▸ Exercise details
Each entry below is to be given again word for word, with no pictures.

Pictures with short captions
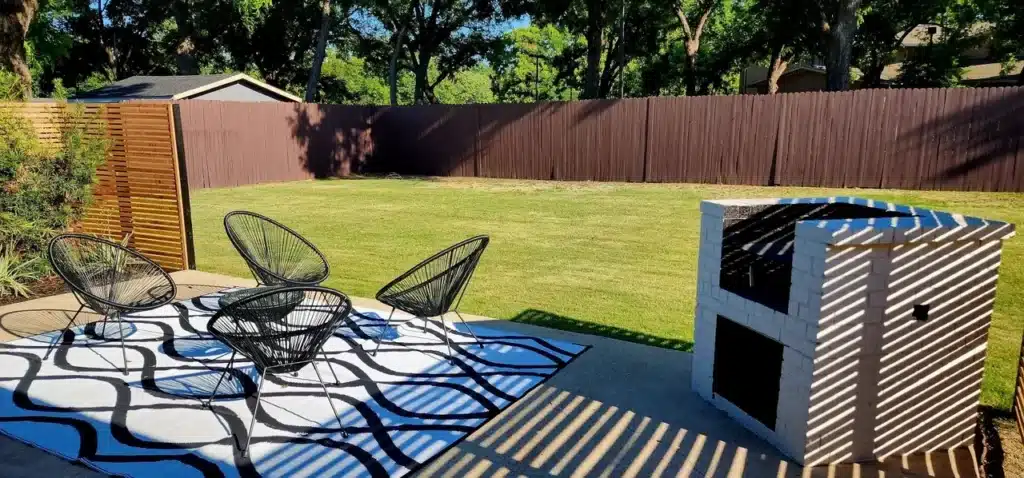 Sunny backyard with green lawn, black patio chairs on patterned rug, and a modern white grill.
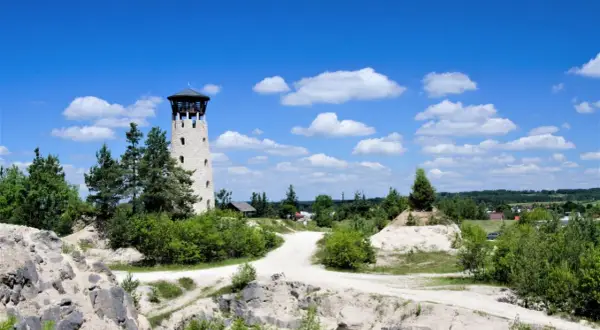 Kamienna wieża widokowa w Józefowie, otoczona zielenią i piaszczystymi wzniesieniami, zaprasza do podziwiania krajobrazu pod błękitnym, chmurowym niebem.
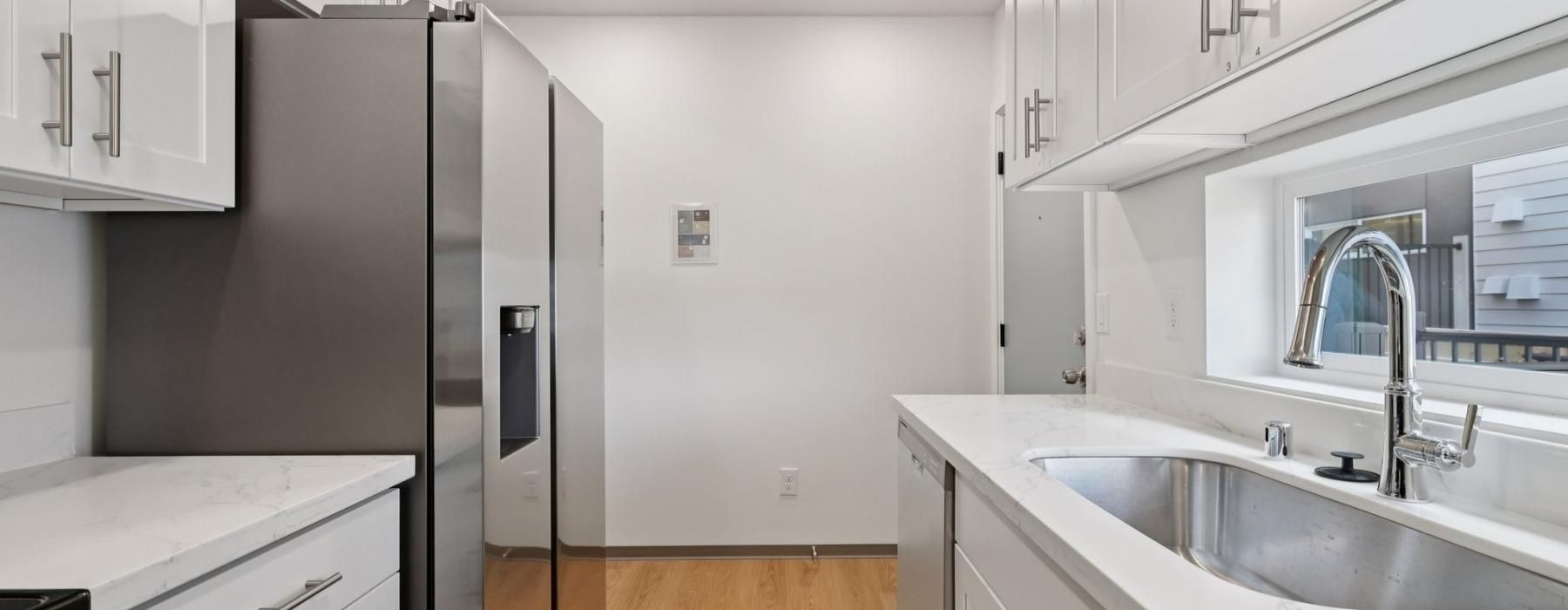 a kitchen with white cabinets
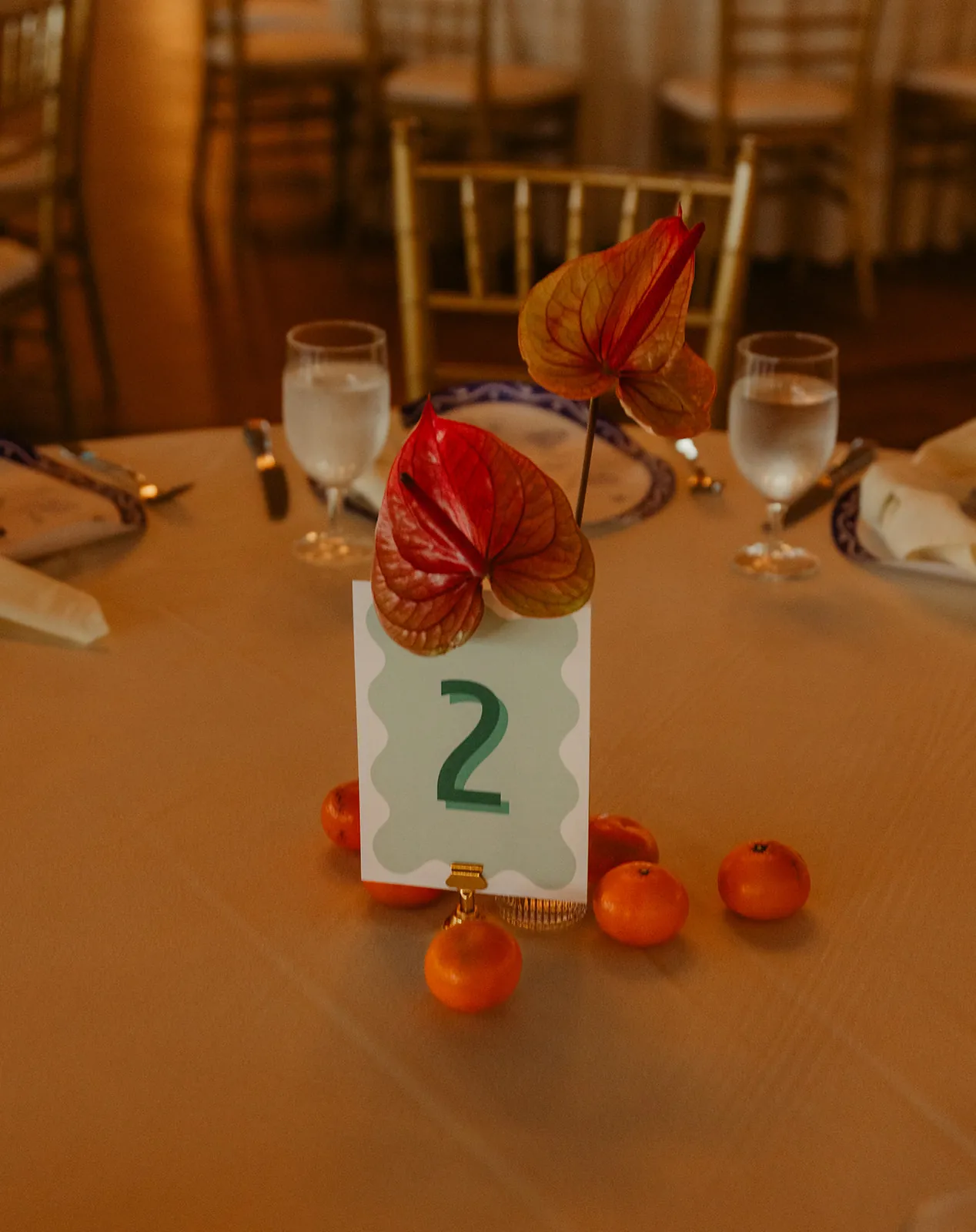 Anthurium and tropical floral centerpiece with tangerines and table number two at a Catalina Island Casino wedding reception
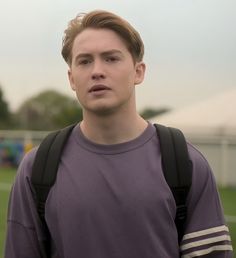 a young man with a backpack on his back standing in front of a soccer field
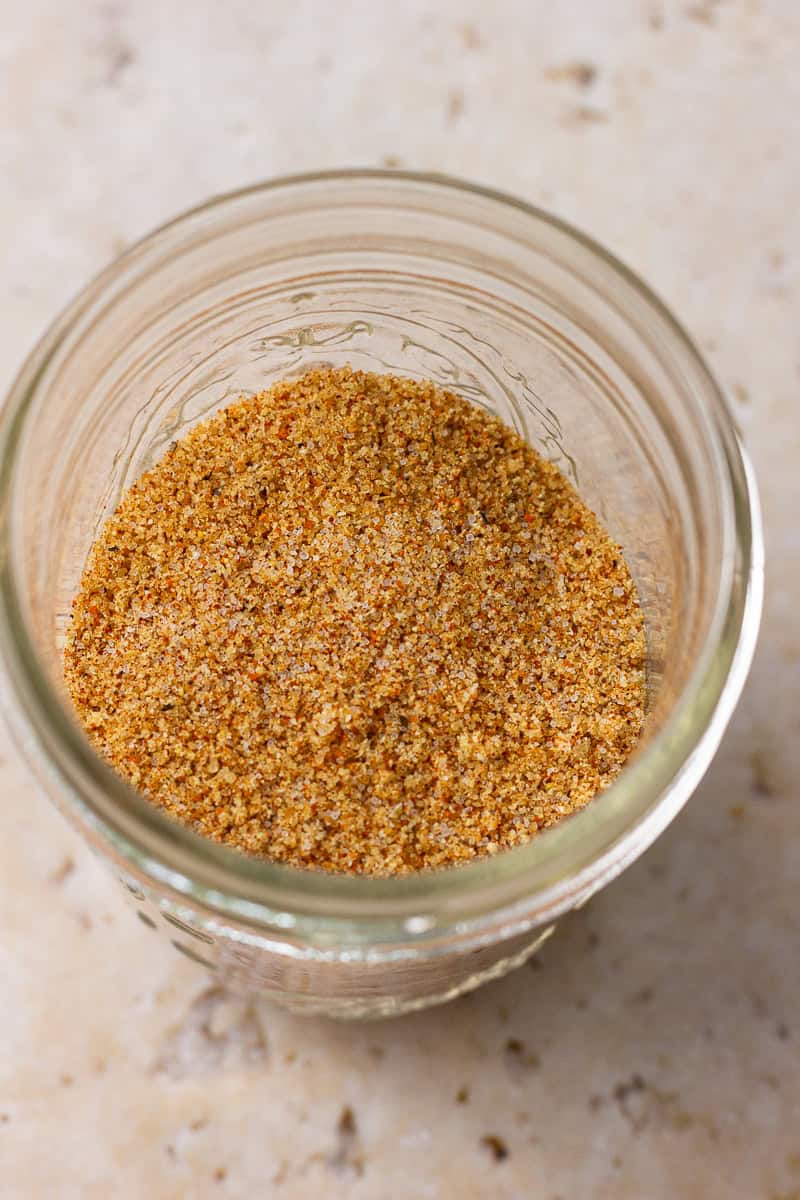 A jar filled with sweet and smoky rub viewed from above on a neutral background.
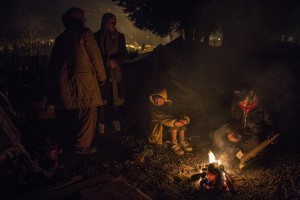 Migrants warm near a fire at refugee camp along the border of Greece and Macedonia near the town of Idomeni in Greece on March 18, 2016. The refugees are being stopped from moving beyond Greece and have been languishing in the rain, mud, and cold with insufficient food and medical care while sleeping in small tents.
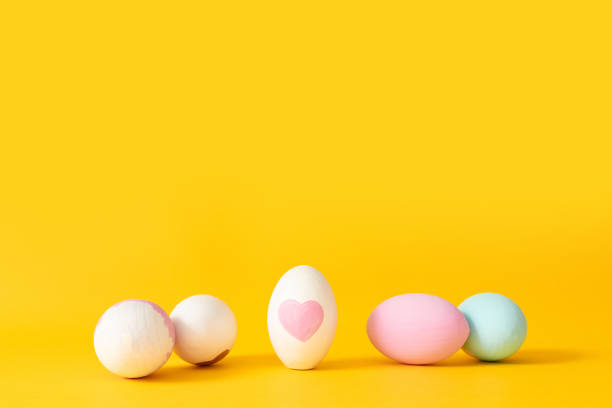 istock Minimal composition of decor eggs on yellow background 1206808298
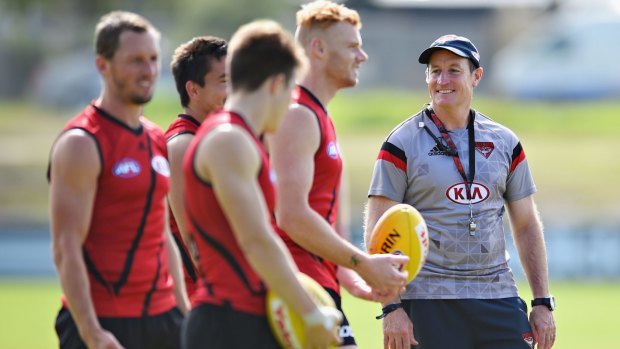 People person: Essendon coach John Worsfold talks to his players during a training session ahead of the Anzac clash with Collingwood. 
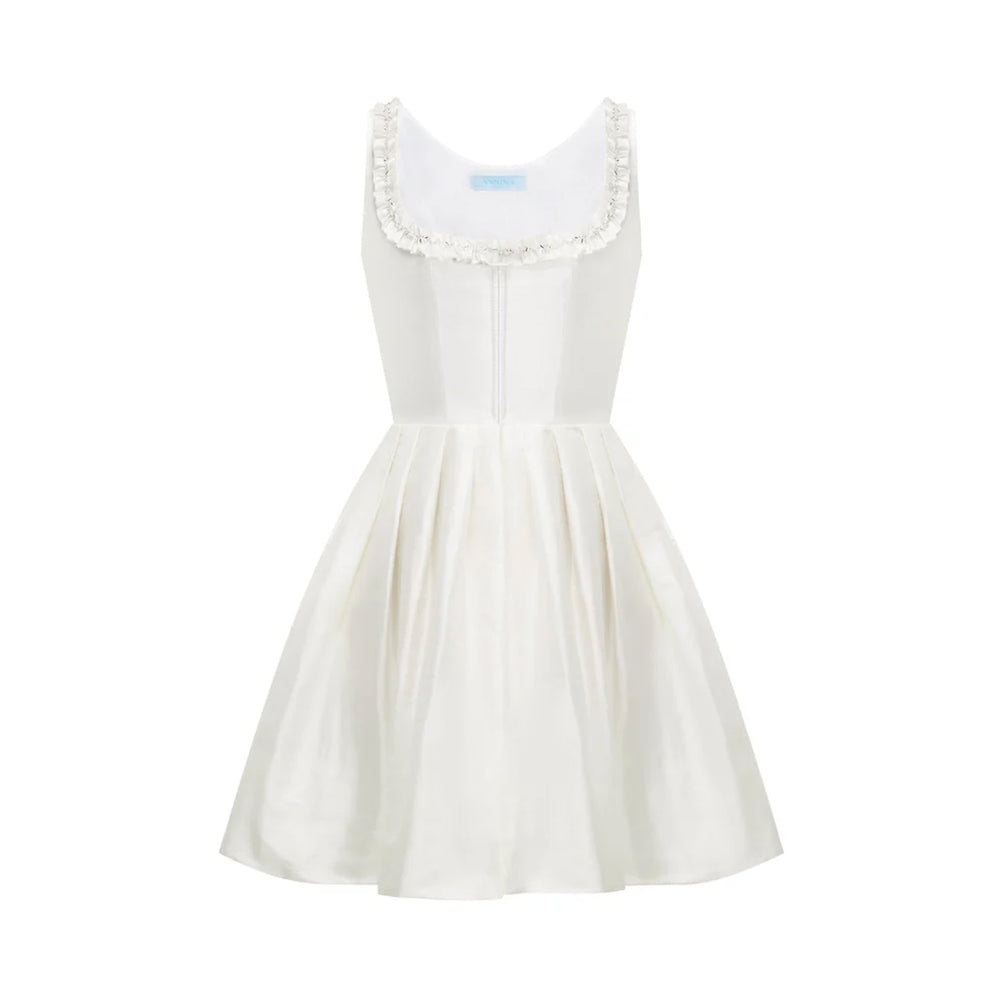 Front view of Bridal Electra off white silk dupion dress with pearl and rhinestone embroidered ruffle neckline on white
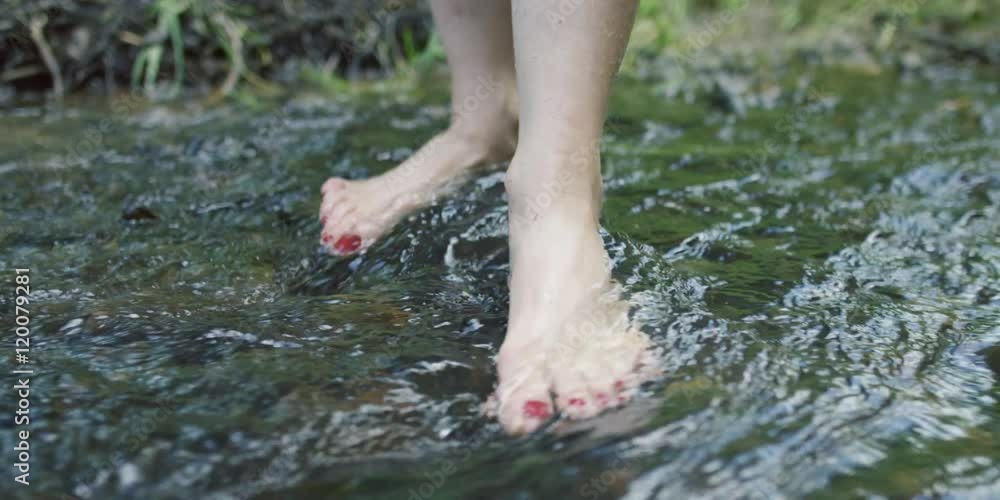 Slow motion handheld close-up of a barefoot woman with red nails wading shallow river rapids, shot on RED Epic Dragon R3D, 4K 120fps
Slow motion handheld close-up of a barefoot woman with red nails wading shallow river rapids, shot on RED Epic Dragon R3D, 4K 120fps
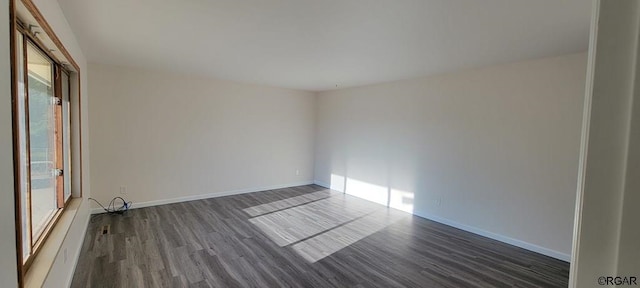 unfurnished room with dark hardwood / wood-style flooring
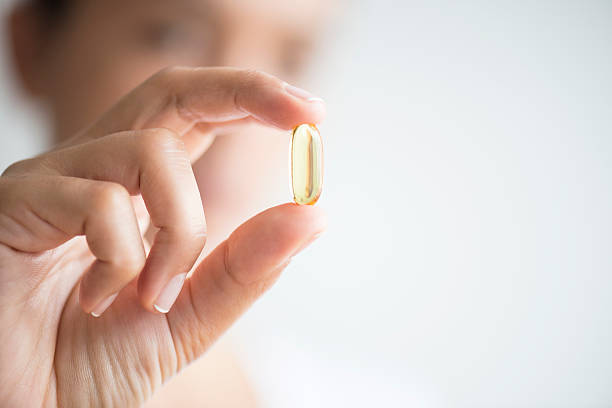 Woman Holding And Showing Omega 3 Capsule Woman holding omega 3 capsule. fish oil stock pictures, royalty-free photos & images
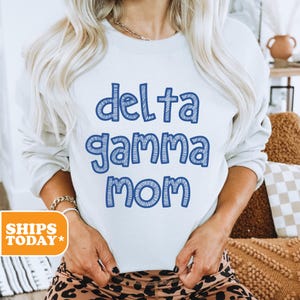 May include: White sweatshirt with the blue text "Delta Gamma Mom". The text has a textured, sketched appearance. The model is wearing leopard print leggings and a gold chain necklace.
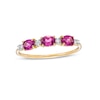 Thumbnail Image 1 of Sideways Oval Rhodolite Garnet and 1/15 CT. T.W. Diamond Three Stone Ring in 10K Gold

▸ Answer to the exercise
 Sunny backyard with green lawn, black patio chairs on patterned rug, and a modern white grill.
 Kamienna wieża widokowa w Józefowie, otoczona zielenią i piaszczystymi wzniesieniami, zaprasza do podziwiania krajobrazu pod błękitnym, chmurowym niebem.
 a kitchen with white cabinets
 Anthurium and tropical floral centerpiece with tangerines and table number two at a Catalina Island Casino wedding reception
 a young man with a backpack on his back standing in front of a soccer field
 A jar filled with sweet and smoky rub viewed from above on a neutral background.
 Migrants warm near a fire at refugee camp along the border of Greece and Macedonia near the town of Idomeni in Greece on March 18, 2016. The refugees are being stopped from moving beyond Greece and have been languishing in the rain, mud, and cold with insufficient food and medical care while sleeping in small tents.
 istock Minimal composition of decor eggs on yellow background 1206808298
 People person: Essendon coach John Worsfold talks to his players during a training session ahead of the Anzac clash with Collingwood. 
 Front view of Bridal Electra off white silk dupion dress with pearl and rhinestone embroidered ruffle neckline on white
 Slow motion handheld close-up of a barefoot woman with red nails wading shallow river rapids, shot on RED Epic Dragon R3D, 4K 120fps
Slow motion handheld close-up of a barefoot woman with red nails wading shallow river rapids, shot on RED Epic Dragon R3D, 4K 120fps
 unfurnished room with dark hardwood / wood-style flooring
 Woman Holding And Showing Omega 3 Capsule Woman holding omega 3 capsule. fish oil stock pictures, royalty-free photos & images
 May include: White sweatshirt with the blue text "Delta Gamma Mom". The text has a textured, sketched appearance. The model is wearing leopard print leggings and a gold chain necklace.
 Thumbnail Image 1 of Sideways Oval Rhodolite Garnet and 1/15 CT. T.W. Diamond Three Stone Ring in 10K Gold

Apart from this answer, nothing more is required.